Chances are the average indie-artist will not be able to afford to buy their own gear in this magnitude. The financial resources it takes to compile such a large sound palette, and the experience needed to use all the gear well, quickly illustrates why professional studios will always exist. So while it is true that you can save a lot of money by getting some software and a bunch of plug-ins, there are some corners you won’t be able to cut without having negative consequences on your sound quality. Paying for a studio’s services gives you access without having to sell your house, car, and one of you kidneys on the Black Market.
Studios Have Room (and Nice Sounding Ones, Too!)
Studios are specifically engineered to provide the best sound for each instrument. The ambiance of a room provides an immeasurable contribution to the sound of a recording, and it’s something that you can’t replicate in someone’s basement.
A well-designed studio will have a recording room with a balanced reverb time (RT60) and no obvious standing waves. The sound will diffuse in a lovely, gentle reverberant field, which is nice and even at most frequencies. A well-designed acoustic environment is a pleasure to play in, which in turn makes you play better. It is much easier to get a good recording in a nice sounding room.
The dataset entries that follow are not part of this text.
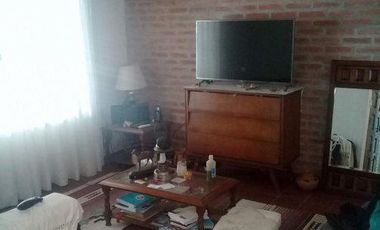Duplex a mts de la Avda y del FCGR - Venta Directa  - Acepta permuta x menor valor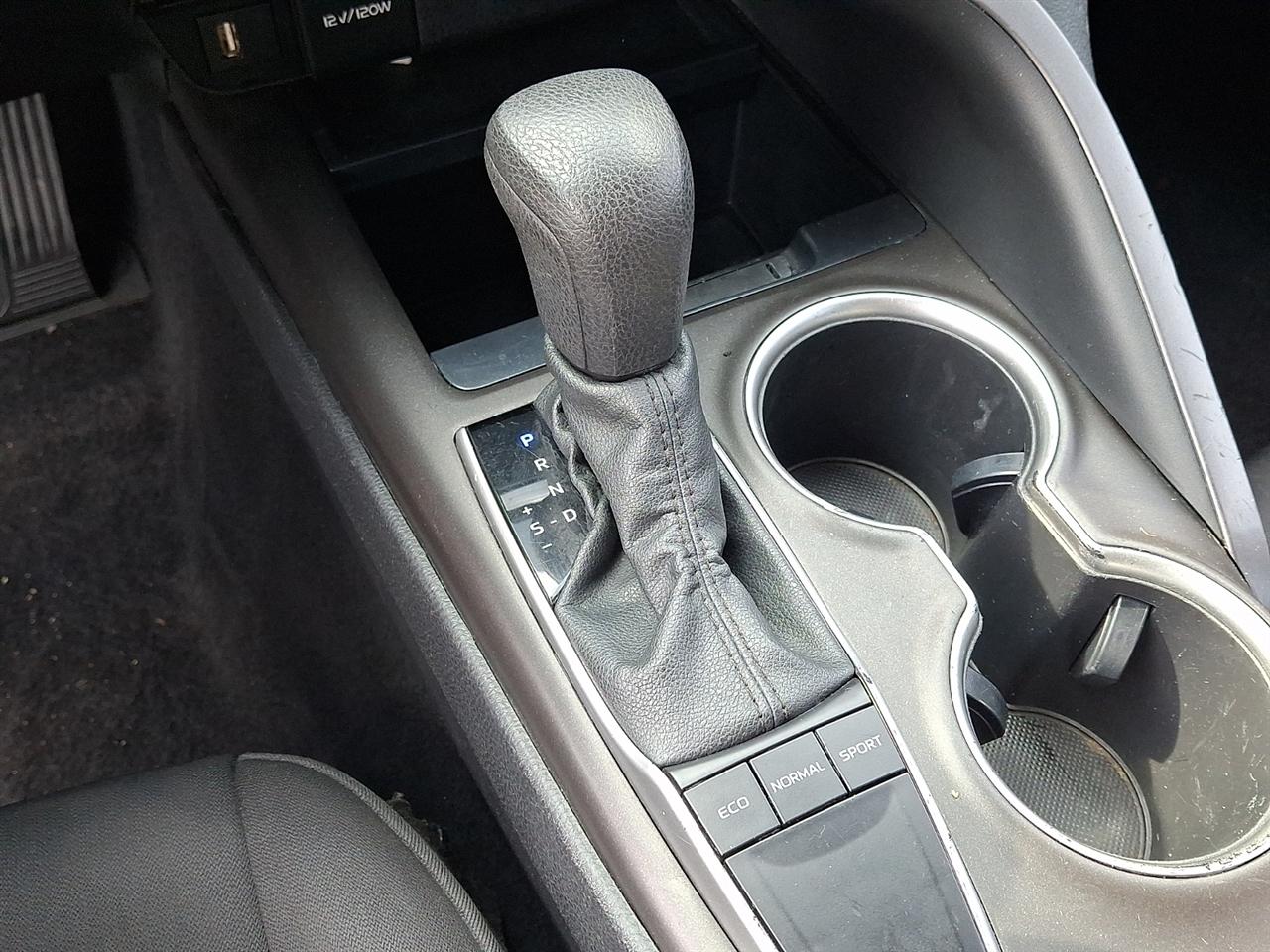 Toyota Camry LE Auto (Natl) 2022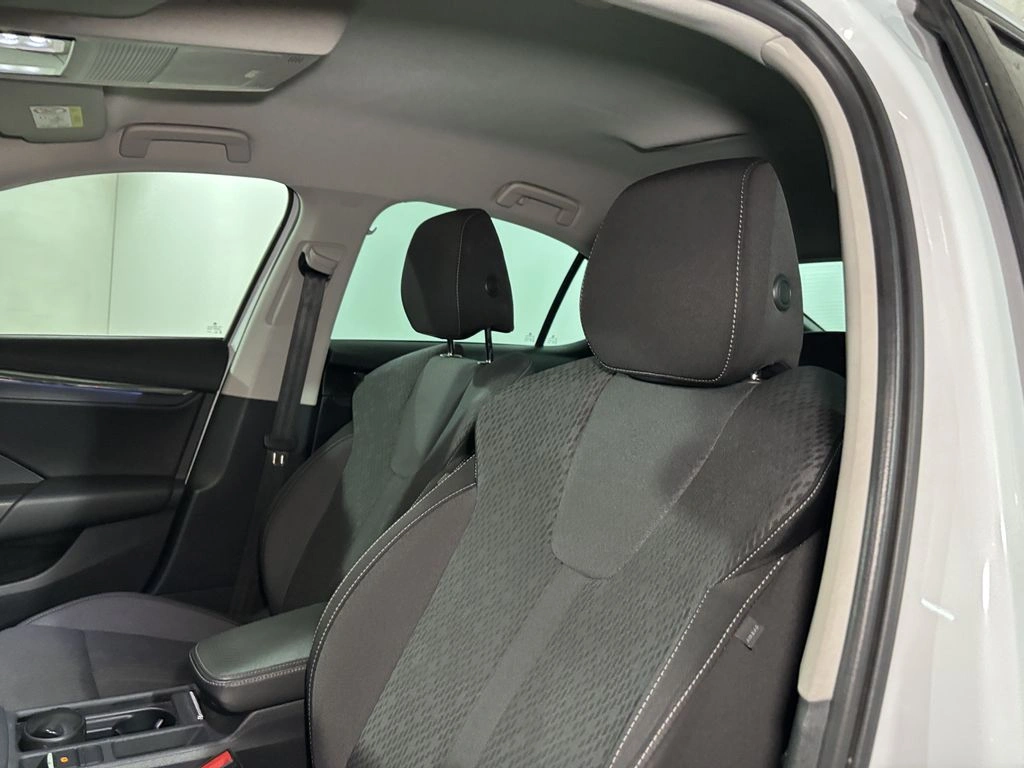 Skoda Octavia 1.4 Tsi At - Design año 2025
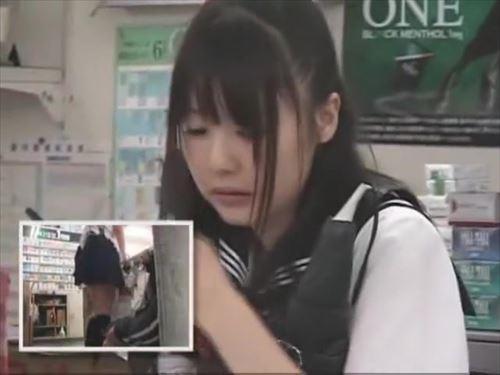 危険な機械と露出度の高い服装で、少女たちは激しい戦いを繰り広げる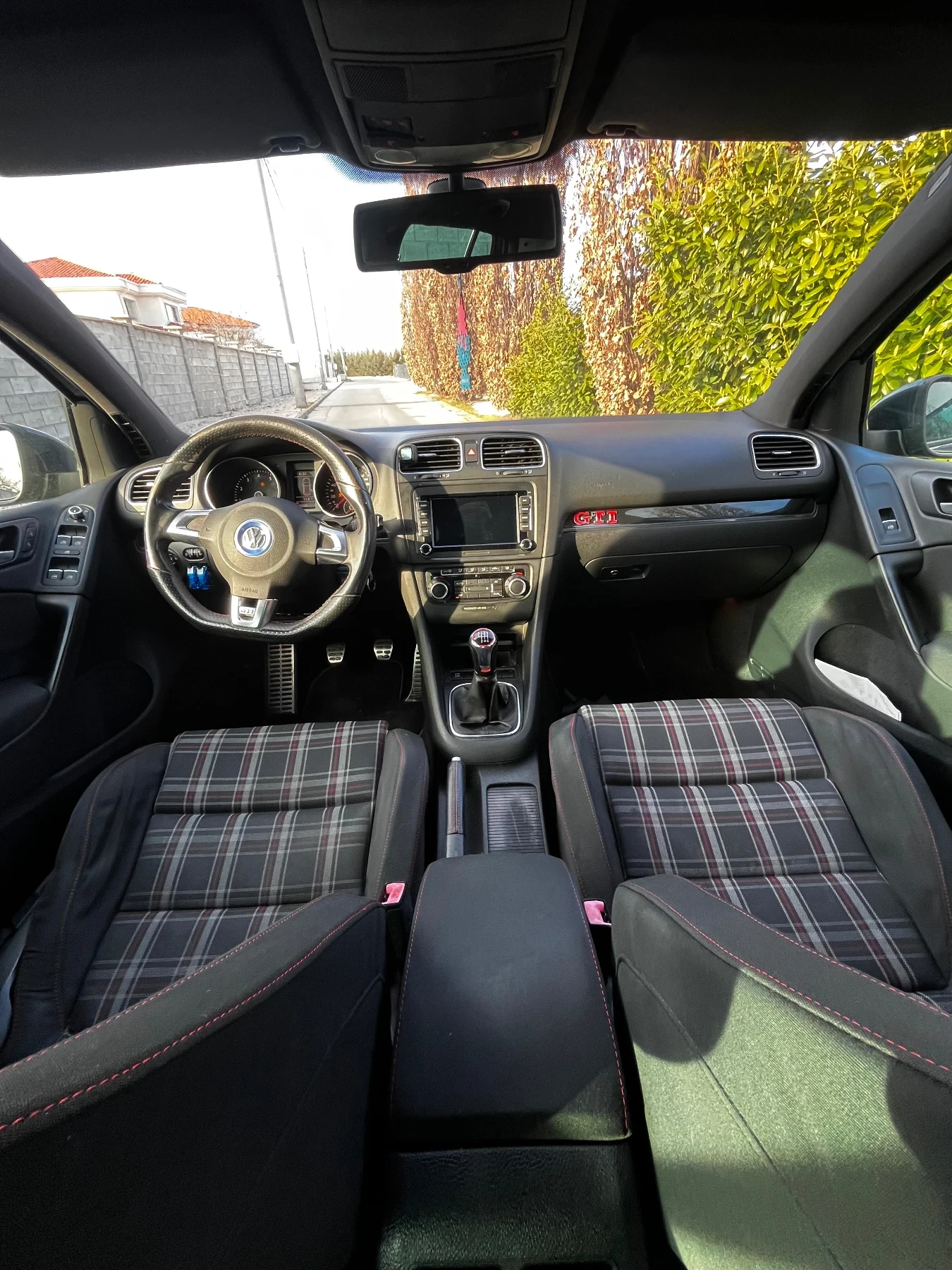 VW Golf 2.0gti, снимка 6 - Автомобили и джипове - 54058451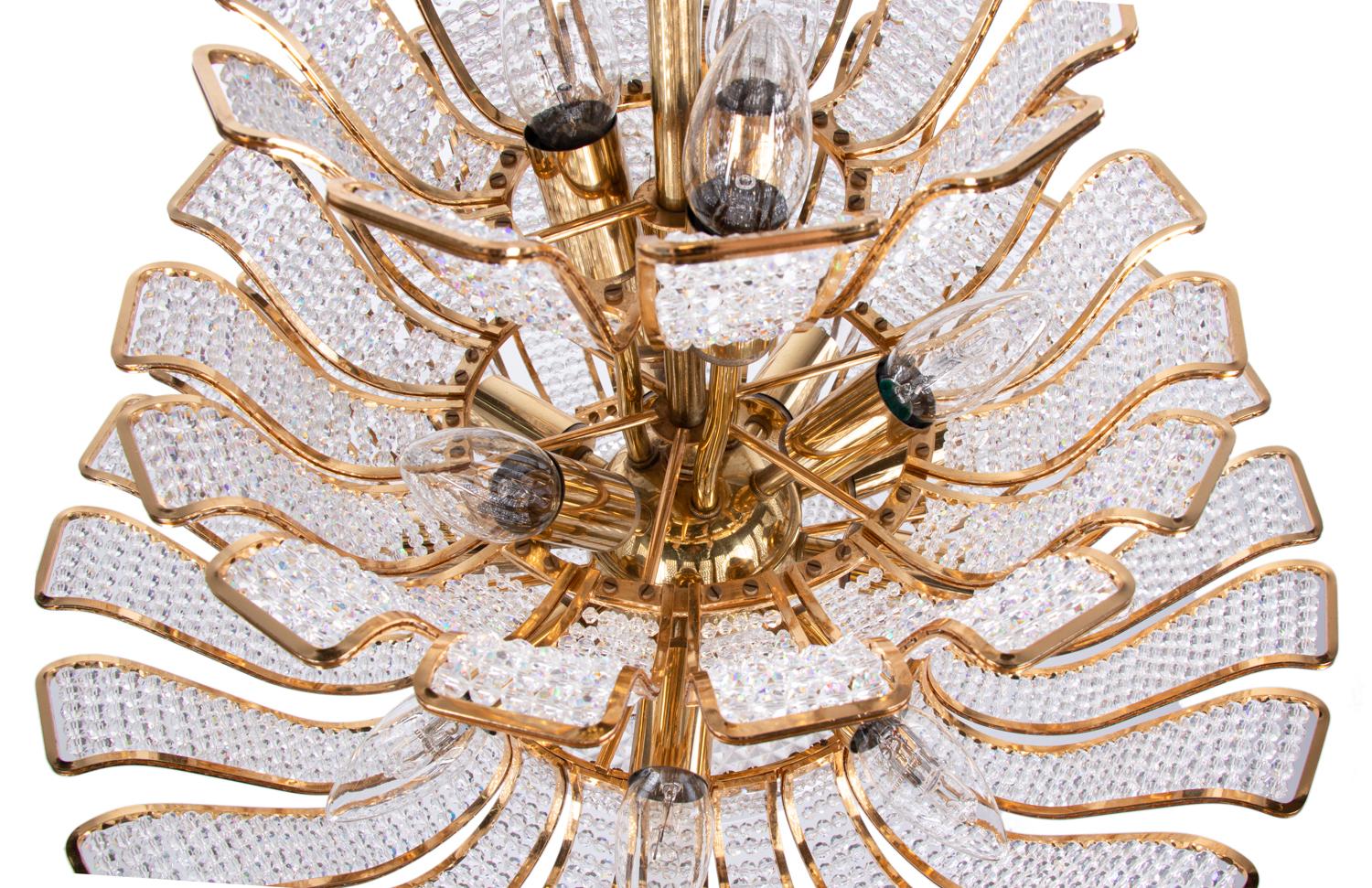 Lampadario Hollywood Regency in cristallo e ottone dorato di Palwa, Germania 1960 In condizioni buone in vendita a Niederdorfelden, Hessen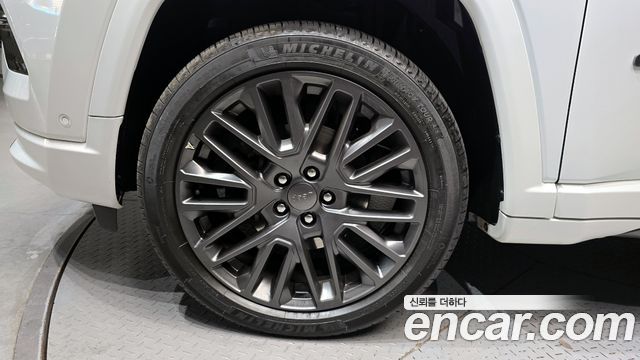 Jeep Compass 2-го поколения S 2.4 AWD - фото 4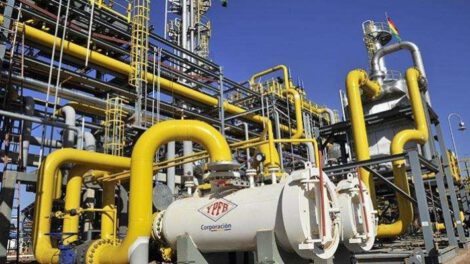 Importación de crudo desde Argentina para refinar diésel y gasolina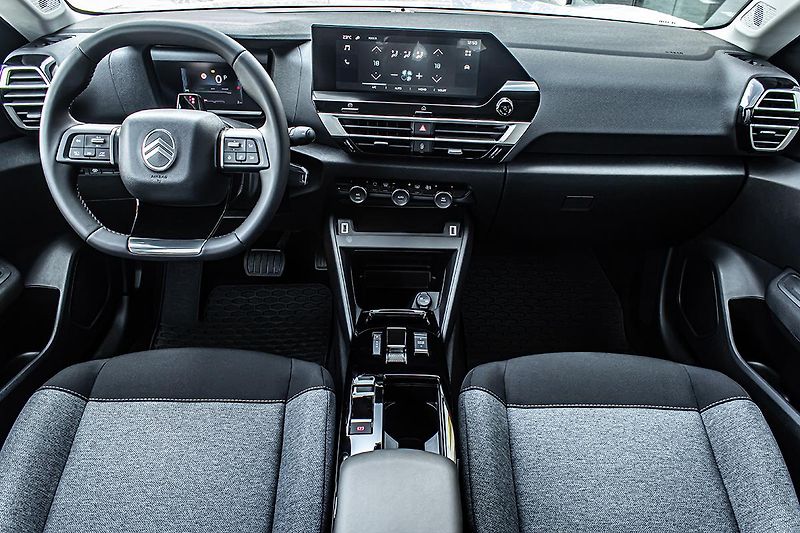 Citroën C4 (2026) 1,2 YOU Hybrid 110k Automat - fotka 16 z 17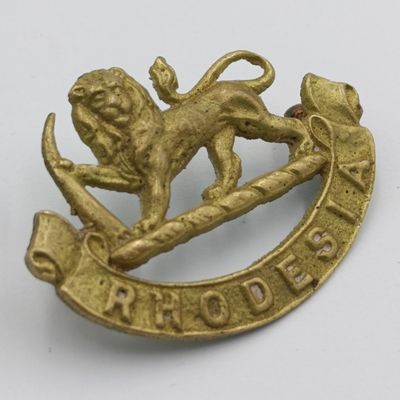 Rhodesia General service cap badge with lugs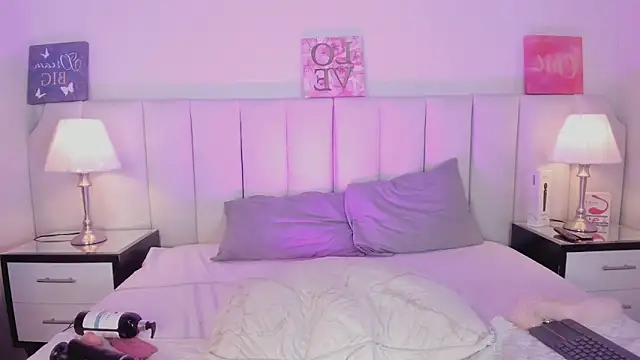 Snapshot of lizy_portman chatting on October 24, 9:11 pm lizy portman online show from October 24, 9:11 pm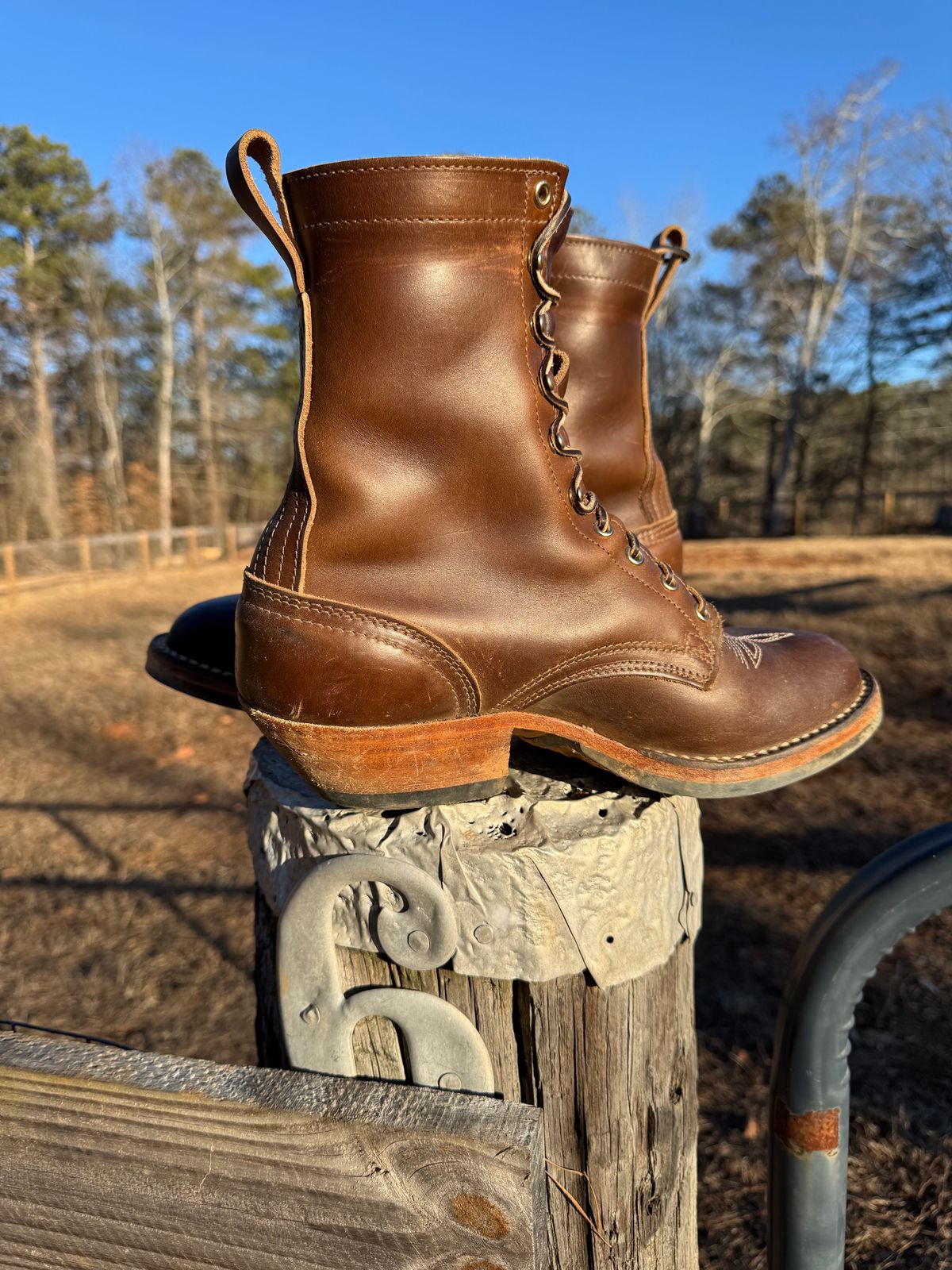 Photo by bearjohn on January 16, 2025 of the Nicks Packer in Horween British Tan Chromexcel.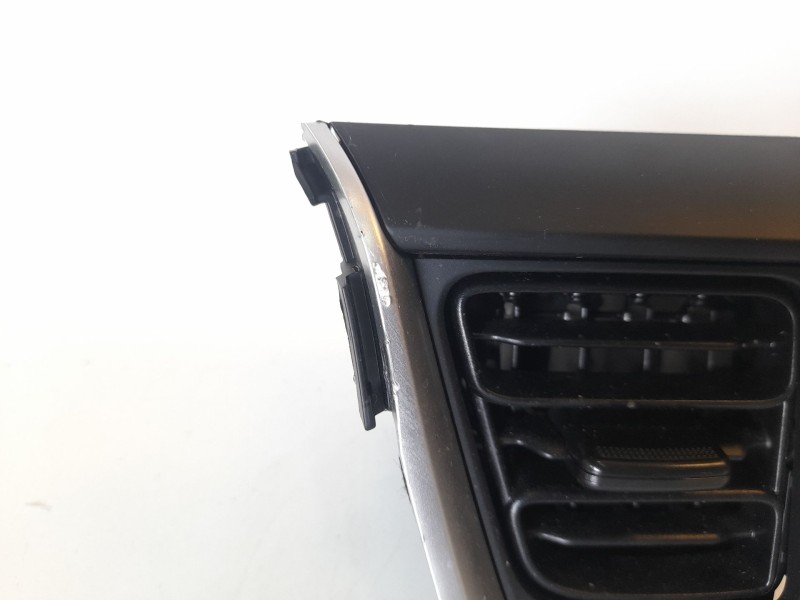 Recambio de aireador central para kia stonic (yb) 1.2 cvvt referencia OEM IAM 84740H8AE0WLE  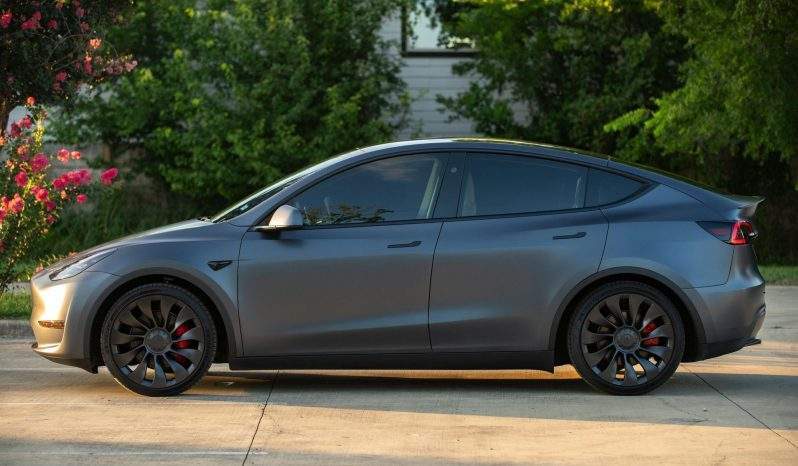 2023 Tesla Model Y Performance AWD full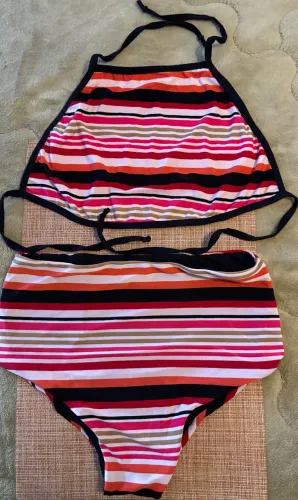 Bikini novo, estampado, a cara do verão!
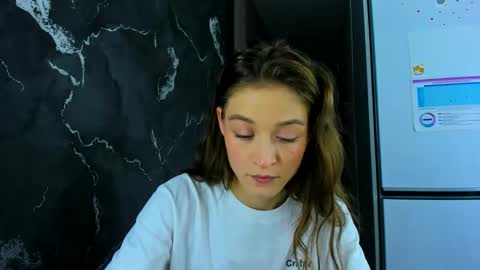 Snapshot of miapaw chatting on October 2025 08:20:01 PM Mia online show from October 2025 08:20:01 PM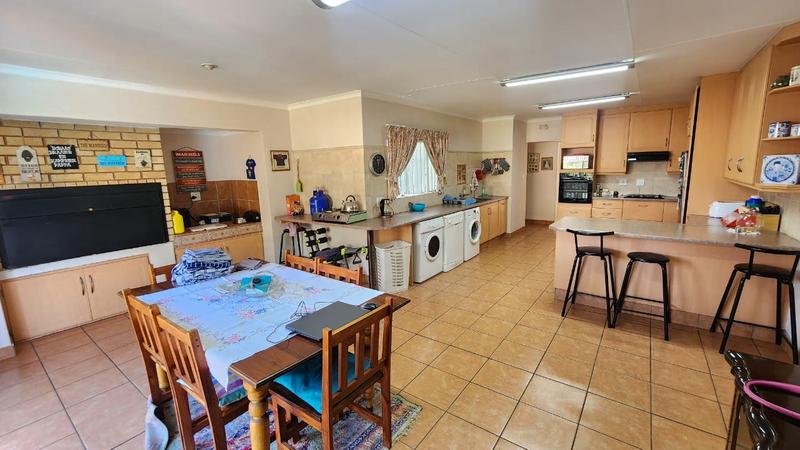 5 Bedroom Property for Sale in Brackendowns Gauteng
In a good studio, you can set up the whole band (with isolation screens between each member) and all play simultaneously. This allows you the ability to perform as a cohesive unit, with all the artistic interplay and authentic feel that brings. It also gives you the ability to mix without hassles. In most home studios, you are forced to overdub. Or, if you record the whole band at once, there is lots of cross contamination of one instrument track into the other (“spill” or “bleed”). This can mix a good mix impossible to achieve.
The rooms used to make the recording need to be acoustically adjusted to dampen the sound within the room and prevent sound from occurring from outside the room. The last thing you want in your recording is unwanted sound. For example, your bedroom won’t be immune to low frequency rumble. A good studio will be. Achieving this requires knowledge of acoustics, sound reflection, sound-proofing, and room size requirements.
Not every room is designed with great acoustics in mind. But quality studios are.
Recording Studios Deliver a Great Final Product
Even after all tracking is done, studios continue to provide better sound than you can achieve in a home studio. Mixing may seem like something anyone can do – it’s just setting volume levels of each track, right? Wrong. Very, very wrong.
Mixing involves a lengthy process of applying just the right combination of effects to each track, and then making sure each track “sits” well with every other track. This is not just a volume-setting task, but also making sure the EQ of each track is optimized to make it fit where it should in the mix. And that doesn’t even touch on the mastering process, which is also essential to making sure the product is ready for distribution. Once again, this is a job for professionals that have years of experience.
If you can afford to go to a professional studio, then you would be wise to do so. Unless you have pro-gear and know what you’re doing, chances are your album won’t come out the way you want it. A professional can help you get the sound quality you want for your album and they will save you a lot of stressful nights. Again, there is a reason why they are called ‘professionals’.
Even as the abundance of home studio recording continues to rise, it’s safe to say there will still be a place for traditional recording studios for a very, very long time to come.